→ **What you have to do**:
The response should contain only the line with "100PCS Blue Disposable" and every line after it to the end of the listing below, duplicated exactly; no picture belongs in it.

→ **Entries provided**:
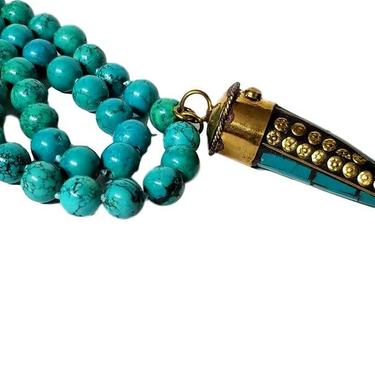 Vintage Nepal Turquoise Tusk Pendant and Beaded Necklace - Turquoise Jewelry 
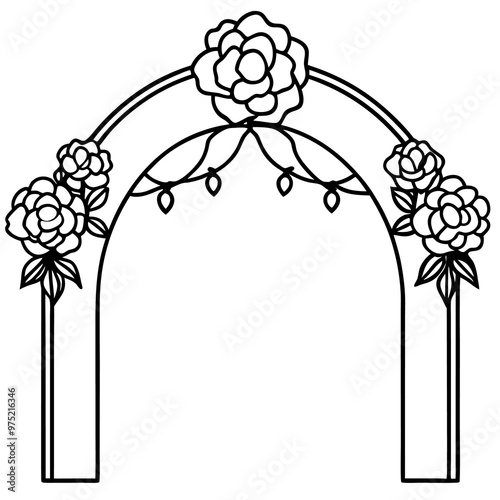 wedding arch with flowers outline coloring book page line art drawing
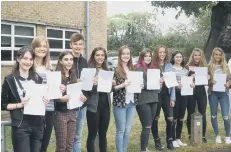  ??  ?? Pupils celebrate getting their results at Arthur Mellows Village College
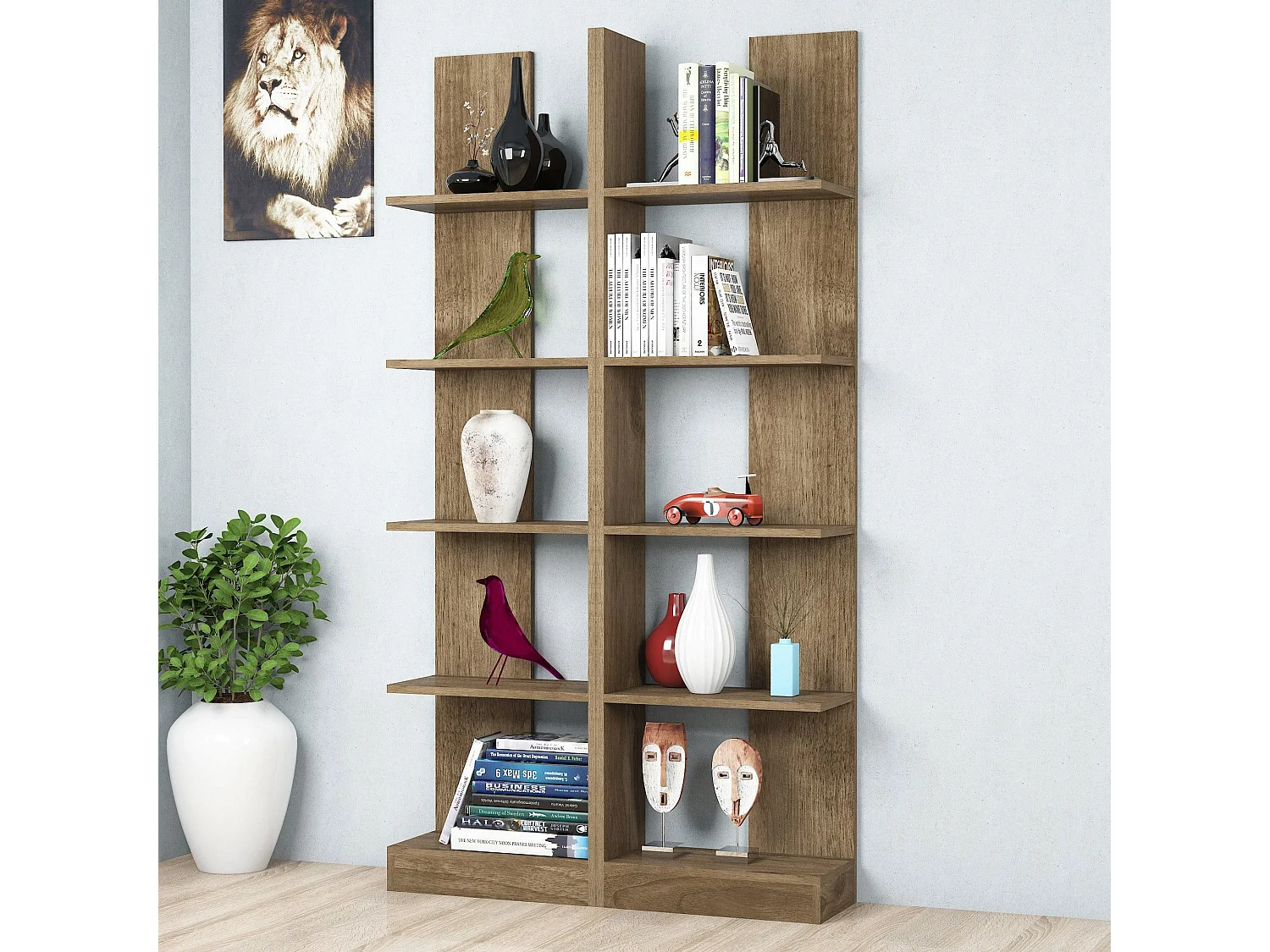 Étagère bibliothèque Attonitus 187cm Bois Naturel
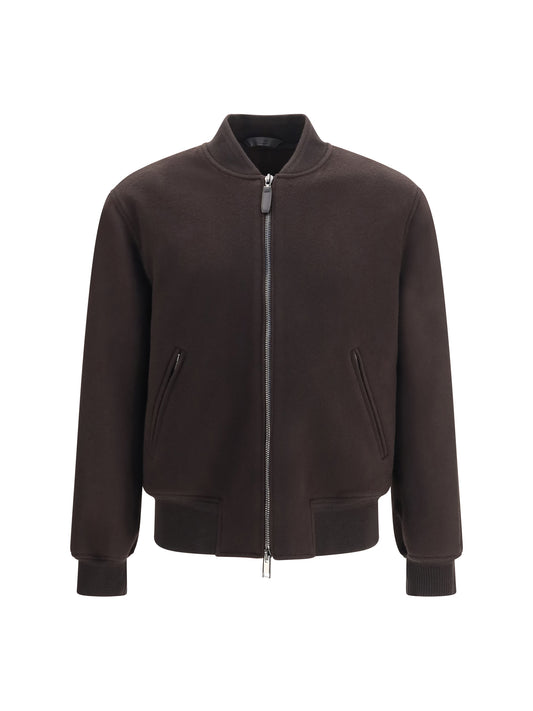 Brioni Wool and cashmere zip-up Bomber Jacket - Coffee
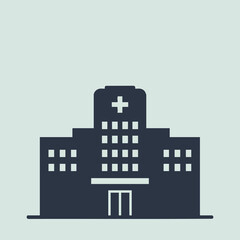 Obraz premium Simple vector graphic of a hospital building.
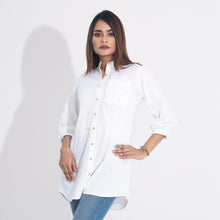 Load image into Gallery viewer, Women White Ethnic Top
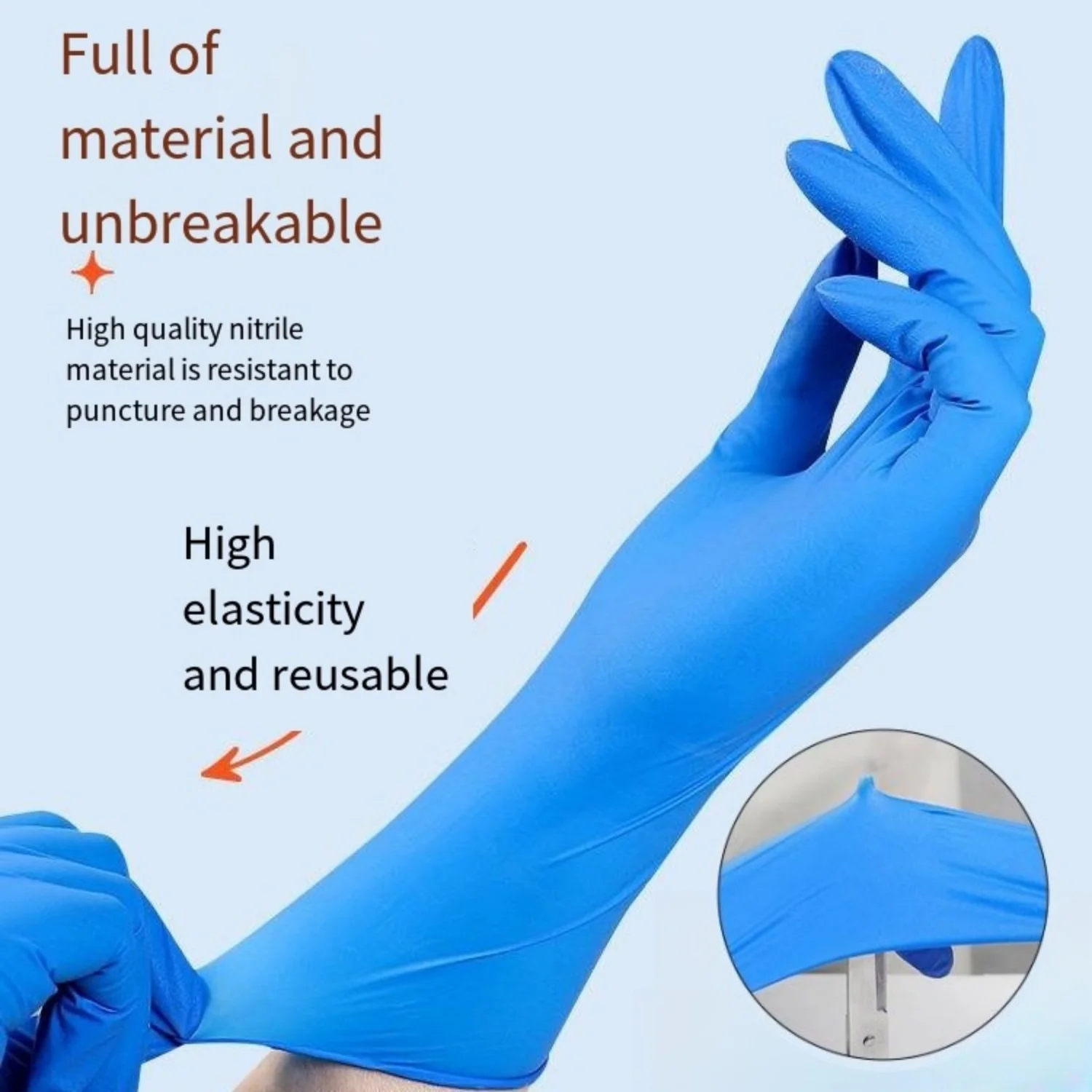 100PCS Blue Disposable Nitrile Gloves - Oil-Resistant, Food Grade for Food Service & Tattooing, Unisex, Full Size Range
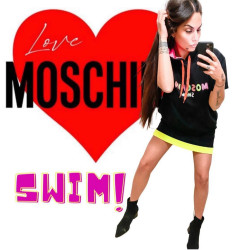 MOSCHINO FELPA-ABITO  WOMAN A1702 BLACK/ROSA FLUO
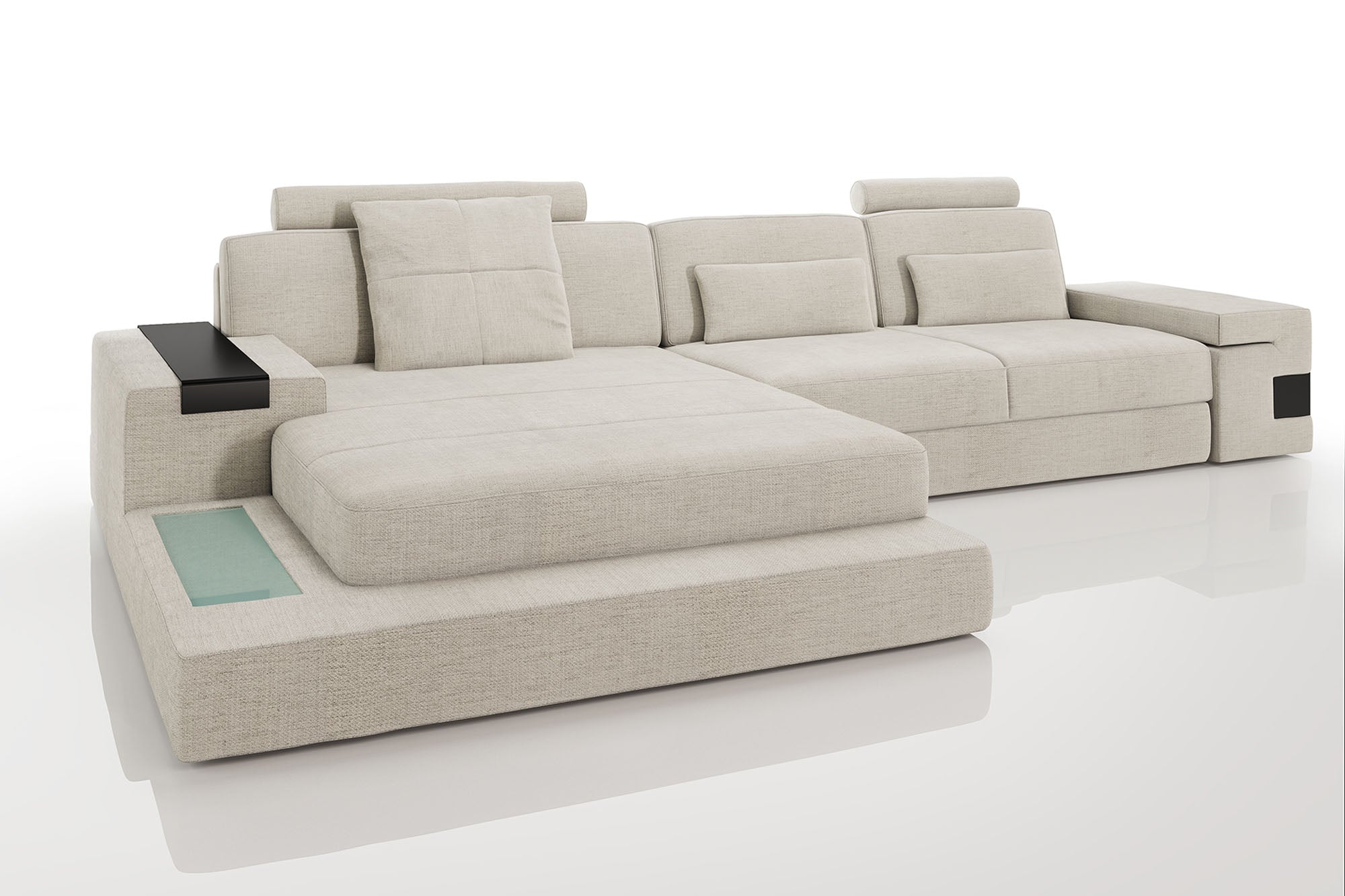 Los Angeles III Fabric Chaise Sofa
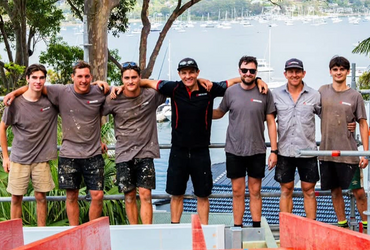 RFM Constructions team at Newport with Northern beaches Sydney harbour views
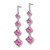 Image of 41.41mm 14K White Gold Lab Grown Diamond SI1/SI2, G H I, and Created Pink Sapphire Drop Post Earrings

→ **Your response**:
 100PCS Blue Disposable Nitrile Gloves - Oil-Resistant, Food Grade for Food Service & Tattooing, Unisex, Full Size Range
 MOSCHINO FELPA-ABITO  WOMAN A1702 BLACK/ROSA FLUO
 Los Angeles III Fabric Chaise Sofa
 RFM Constructions team at Newport with Northern beaches Sydney harbour views
 Image of 41.41mm 14K White Gold Lab Grown Diamond SI1/SI2, G H I, and Created Pink Sapphire Drop Post Earrings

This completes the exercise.